CAPÍTULO LXVI

EL agente McDonald estaba convencido de ser el eje del mundo. Era defensor a ultranza de la ley y el orden y estaba convencido de que quien robaba una naranja debía pasar mucho tiempo en la cárcel y ser lastrado para toda la vida con gravísimos antecedentes, porque de la ley no se burlaba nadie. Era pues un hombre chulo, aunque, eso sí, gran creyente y religioso, que no faltaba nunca a los actos litúrgicos de su iglesia, donde rezaba más que nadie, sobre todo procurando que le vieran. Lo cual no impedía que fuera profundamente impiadoso. En su carro llevaba una pegatina que decía I love Jesus. Se le había olvidado añadir: Y odio a todos los demás.

Tremendamente inseguro, sospechaba siempre que su mujer le engañaba. Y acertaba. Su mujer le engañaba y hacía el amor como una salvaje con un individuo... LATINO.

McDonald lo sabía, aunque se negaba a darlo por confirmado.

Así pues, además de que odiaba a todo el mundo, especialmente odiaba a los latinos o hispanos y más todavía al compañero que le habían asignado, un hijo de emigrante guatemalteco que había conseguido llegar a guardia (él se creía gran funcionario policial) en los Estados Unidos.

McDonald le odiaba, pero le necesitaba, porque conocía mucho la zona y por supuesto el idioma y las costumbres.
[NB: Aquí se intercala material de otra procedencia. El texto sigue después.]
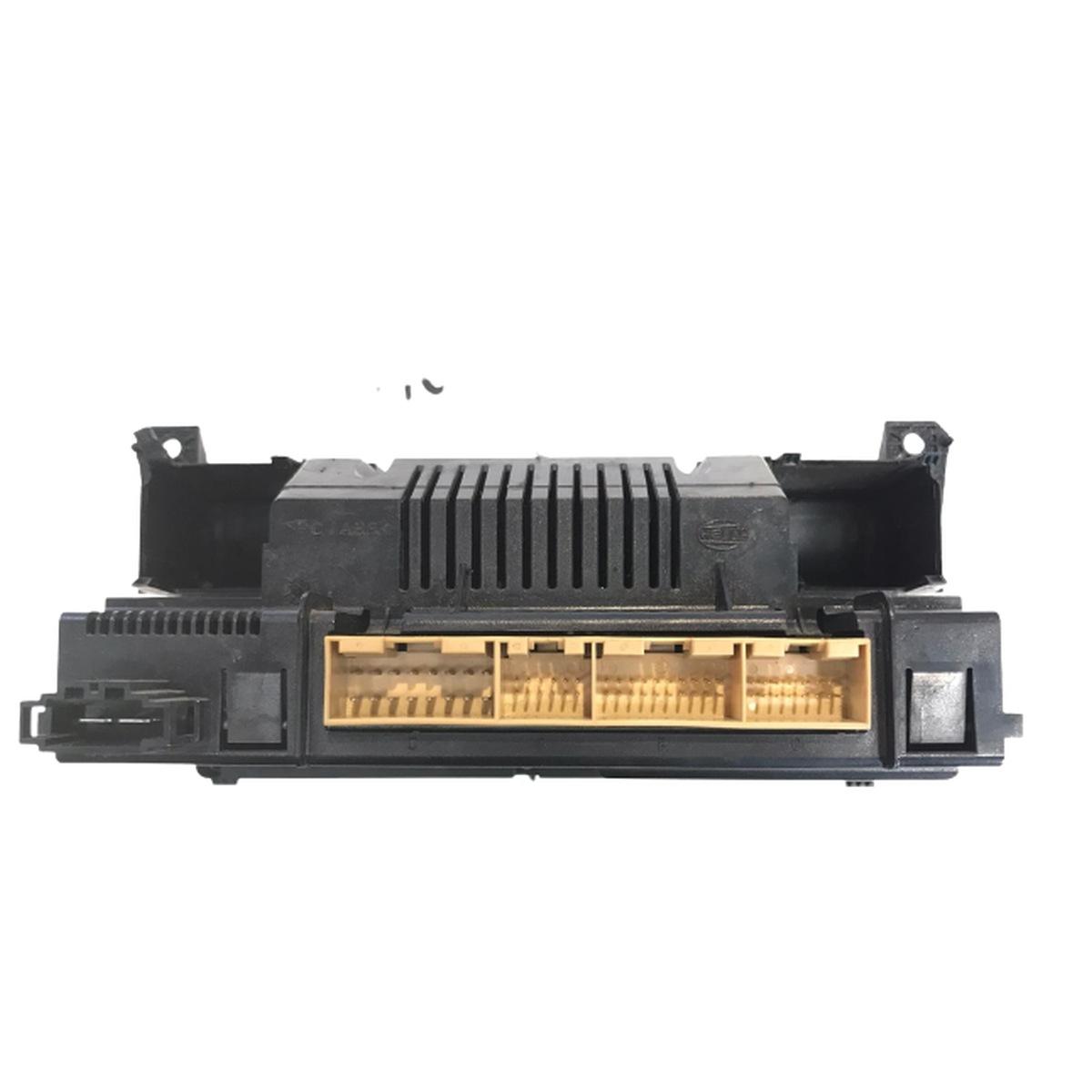 comandi clima audi a4 2.5 tdi 2002 4b0820043al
Los dos compartían uno de los vehículos de que disponían, dotado de buenos equipos de comunicaciones y con el receptor adecuado para en todo momento tener localizado a Carlos.

Por su parte, el guardia de Estados Unidos guatemalteco y compañero de McDonald tenía otros sentimientos: Odiaba a McDonald, porque le envidiaba por ser norteamericano de pura cepa, con auténtica sangre gringa; por otro lado, no dejaba de recibir desde el interior de su sangre guatemalteca ondas de simpatía hacia Carlos.

Esto lo notaba McDonald. La convivencia de los dos guardias, metidos prácticamente todo su tiempo en aquella camioneta de vigilancia, no era fácil. Pero procuraban hacer su trabajo. Constantemente vigilaban el monitor que indicaba dónde estaba Carlos y daban instrucciones a los otros cuatro agentes americanos, que se encontraban en otro vehículo.

Ahora trabajaban con más dificultad, porque, debido a las quejas insistentes de la población, tenían que ser muy discretos.

Se les obligó a retirarse de la puerta de la casa de don César. Tenían que conformarse con estar por las proximidades, cambiando de posición con cierta frecuencia, porque los policías guatemaltecos, les obligaban a ello.

De hecho, también tenían los policías guatemaltecos que proteger con su presencia a los policías gringos, porque los patojos de Samayac, a la más mínima, les lanzaban piedras.